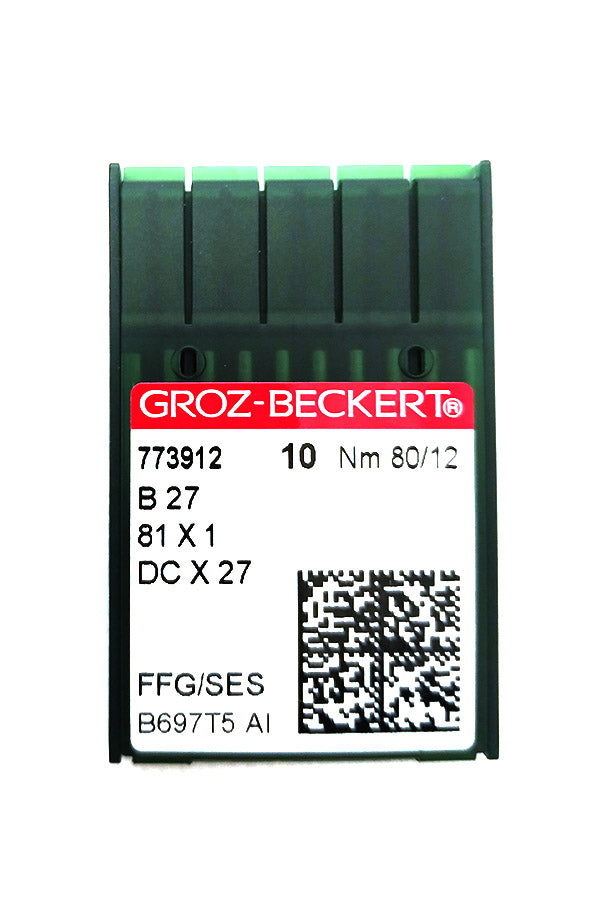 Strojové jehly Groz - Beckert B27 80/12 - průmyslový overlock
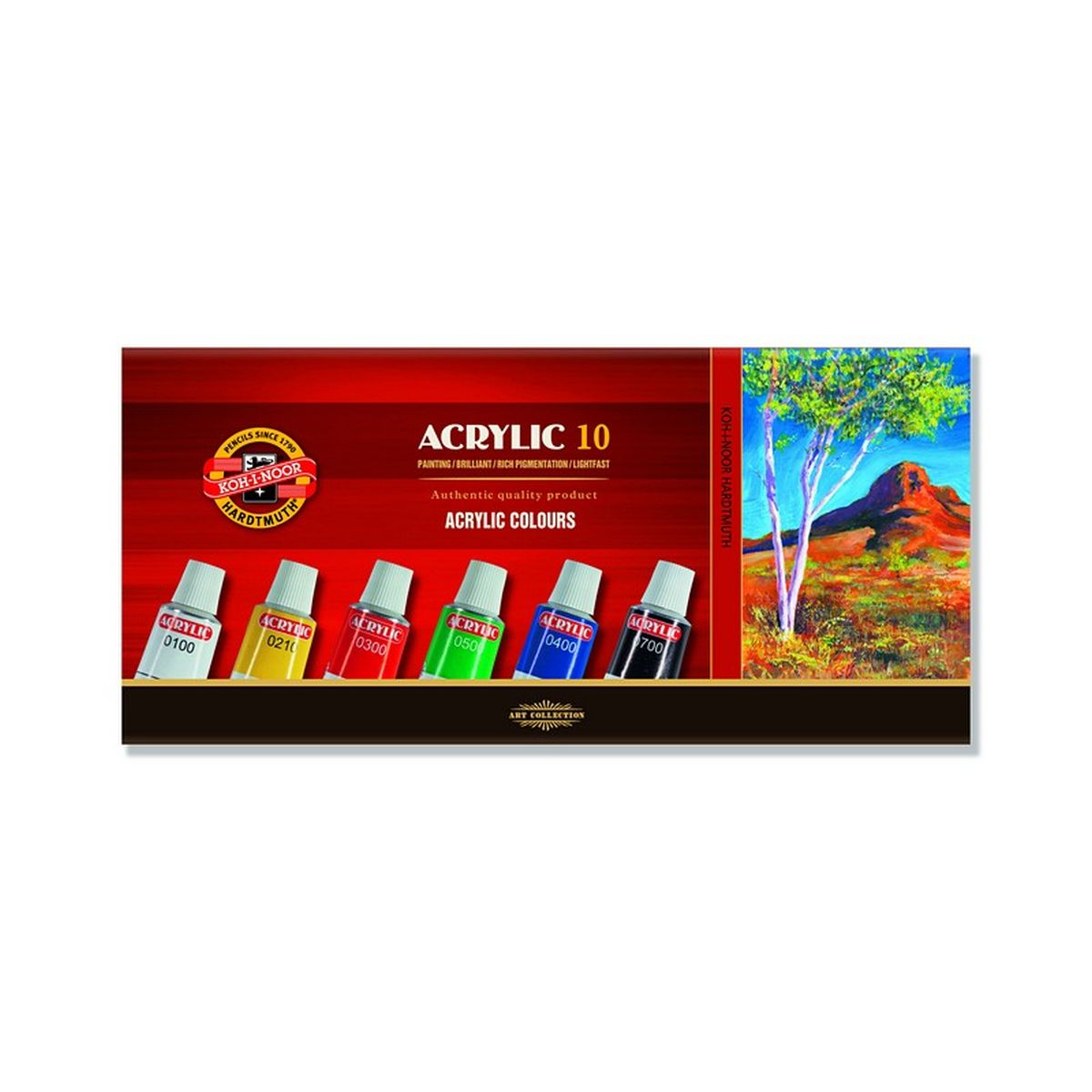 Farba akrylowa kolor: mix 16ml Koh-I-Noor (162703)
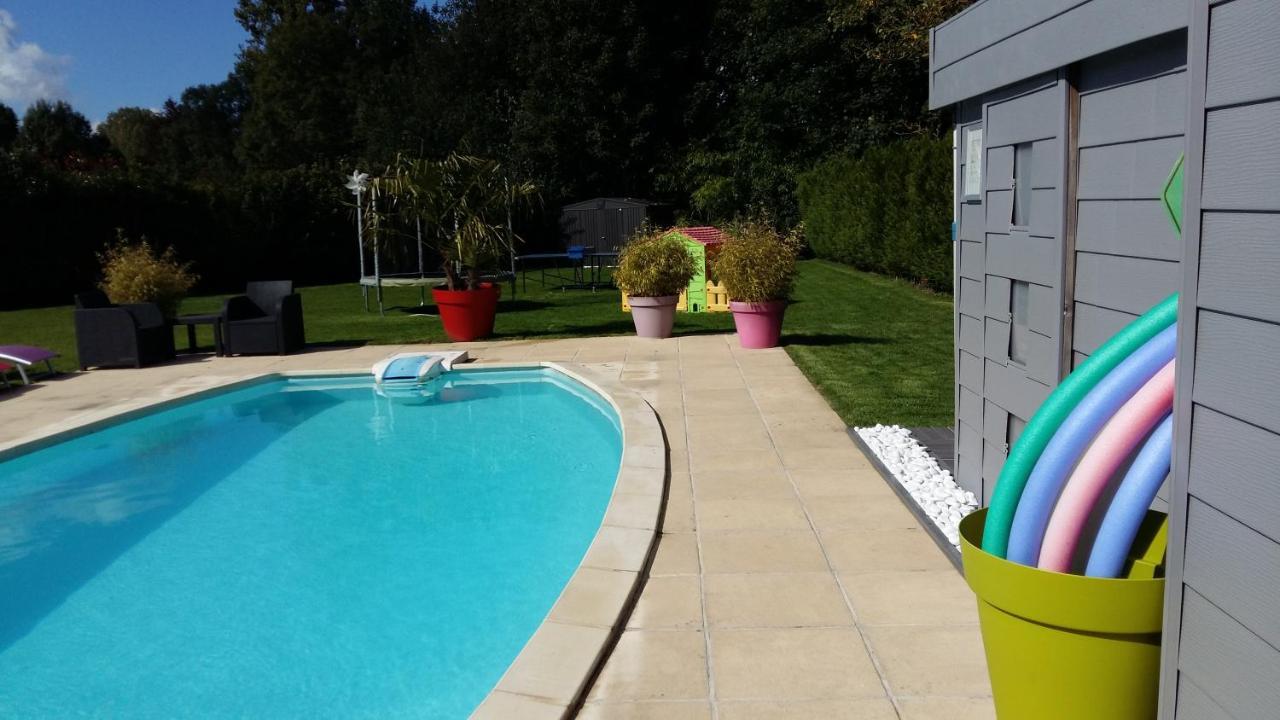 Chambres D'Hotes Du Relais De Drugy Saint-Riquier Esterno foto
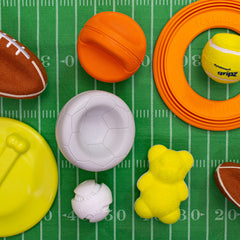 Medium 5.5-inch Gripz ball ideal for medium dogs during fetch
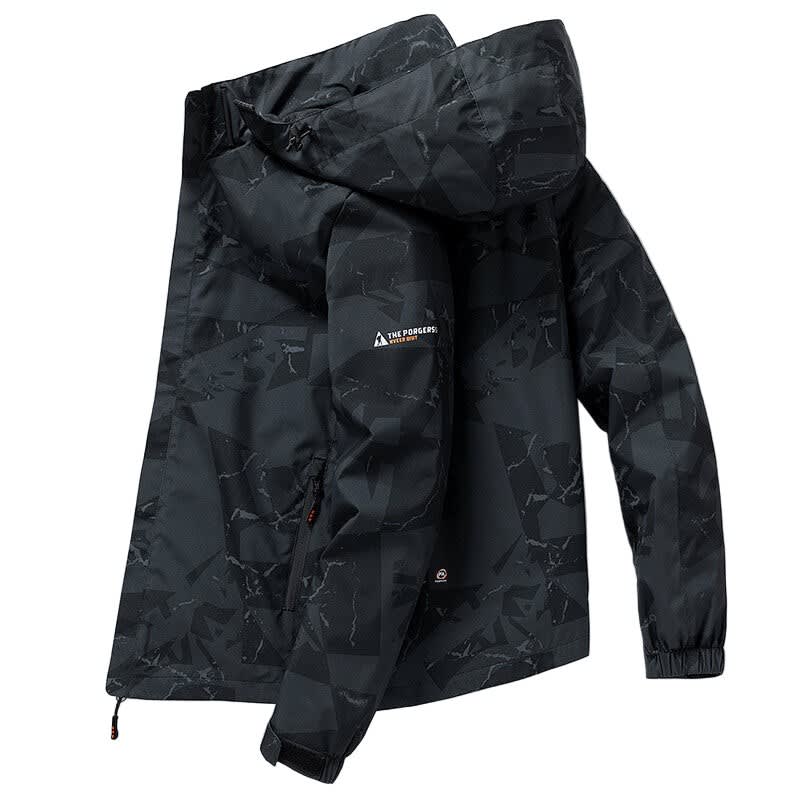 Men's Hooded Water Resistant Ski Jacket | Victor_1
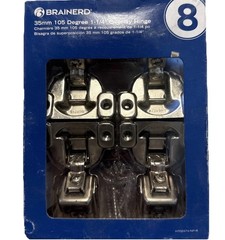 Brainerd 105 Degree 1 1/4″ Overlay Concealed Nickel Plated Cabinet Hinges Lot 5
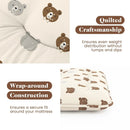 Foldable Futon Mattress with Washable Cover and Carry Bag for Camping by LJGDeals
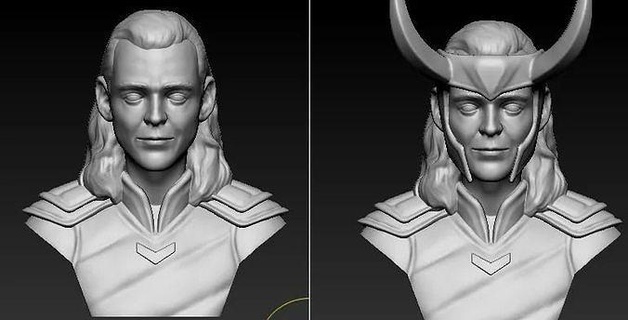 Loki buste Hiddleston merveille Thor umc vengeurs Vingadores 3d busto impression 3dprint art sculptures 3d print model - Mito3D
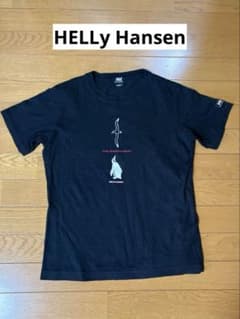 HELLy Hansen ヘリーハンセン　黒 Tシャツ レディース　Ｌサイズのサムネイル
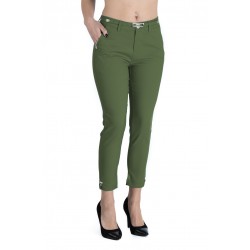 Pantaloni Alyssa Kaki Eleganti Marime Mare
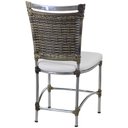 Ver imagem 2 de Cadeira em Alumínio e Fibra Sintética JK para Cozinha, Edícula - Capuccino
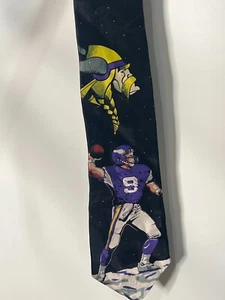 Vikings Tie Necktie Pre-owned - Picture 1 of 4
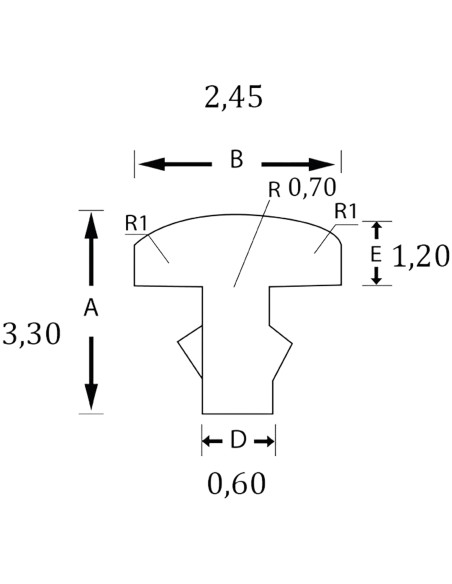 Set 12 Trastes Frill SINTOMS 2,45mm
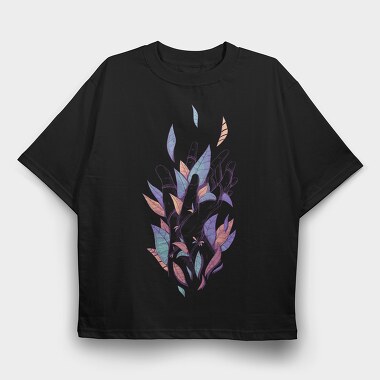 Hands With Color Leaves Plants, Tricou Oversize Barbati (Unisex)
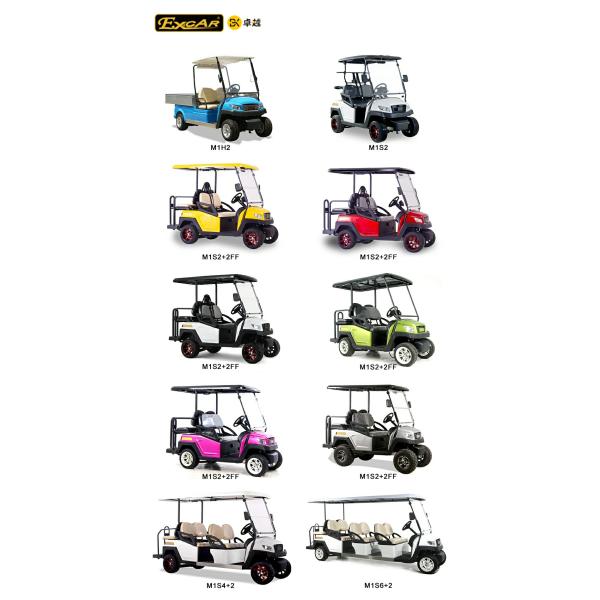 Зеленого 48В АДК автомобиля 3 или 4 гольфа ЭСКАР электрического одобренный КЭ мотора Сеатер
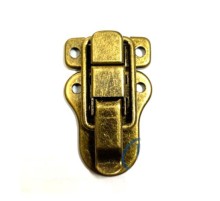 Sandık, Kutu Klipsi, Ön Kilidi - 48x30mm, Antik, 1 Adet
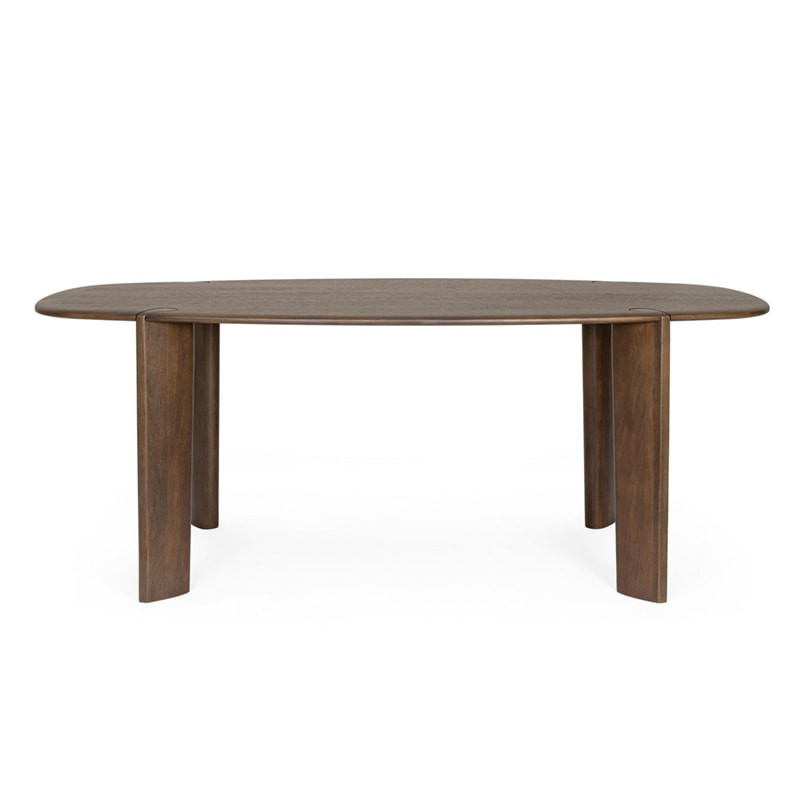 Table de repas ovale en bois de manguier massif - Stellan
• • • •
What must be output is the exact run of lines from the one holding "Farba akrylowa kolor: mix" through the end of the entries above, both ends included, minus the pictures.

▶ **Solution to the exercise**:
 Farba akrylowa kolor: mix 16ml Koh-I-Noor (162703)
 Chambres D'Hotes Du Relais De Drugy Saint-Riquier Esterno foto
 Medium 5.5-inch Gripz ball ideal for medium dogs during fetch
 Men's Hooded Water Resistant Ski Jacket | Victor_1
 Brainerd 105 Degree 1 1/4″ Overlay Concealed Nickel Plated Cabinet Hinges Lot 5
 Foldable Futon Mattress with Washable Cover and Carry Bag for Camping by LJGDeals
 Loki buste Hiddleston merveille Thor umc vengeurs Vingadores 3d busto impression 3dprint art sculptures 3d print model - Mito3D
 HELLy Hansen ヘリーハンセン　黒 Tシャツ レディース　Ｌサイズのサムネイル
 Pantaloni Alyssa Kaki Eleganti Marime Mare
 Ver imagem 2 de Cadeira em Alumínio e Fibra Sintética JK para Cozinha, Edícula - Capuccino
 Vikings Tie Necktie Pre-owned - Picture 1 of 4
 Set 12 Trastes Frill SINTOMS 2,45mm
 Hands With Color Leaves Plants, Tricou Oversize Barbati (Unisex)
 Зеленого 48В АДК автомобиля 3 или 4 гольфа ЭСКАР электрического одобренный КЭ мотора Сеатер
 Sandık, Kutu Klipsi, Ön Kilidi - 48x30mm, Antik, 1 Adet
 Table de repas ovale en bois de manguier massif - Stellan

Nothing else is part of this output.